WORKING DATA:
________

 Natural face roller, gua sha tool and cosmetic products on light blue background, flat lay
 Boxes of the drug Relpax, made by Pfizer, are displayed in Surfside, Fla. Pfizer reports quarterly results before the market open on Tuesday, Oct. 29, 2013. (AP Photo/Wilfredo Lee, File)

________

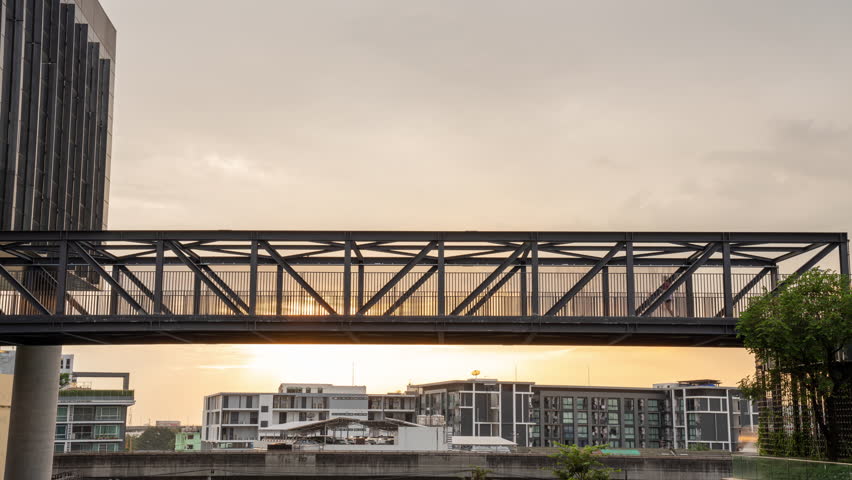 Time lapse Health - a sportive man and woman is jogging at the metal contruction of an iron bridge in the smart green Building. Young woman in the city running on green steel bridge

________

PROBLEM REQUIREMENTS: Retype word for word everything in the listing above from the line that holds "Natural face roller, gua" down to the line that holds "Boxes of the". Keep both end lines and leave out the rest.

WRITTEN RESPONSE:
 Natural face roller, gua sha tool and cosmetic products on light blue background, flat lay
 Boxes of the drug Relpax, made by Pfizer, are displayed in Surfside, Fla. Pfizer reports quarterly results before the market open on Tuesday, Oct. 29, 2013. (AP Photo/Wilfredo Lee, File)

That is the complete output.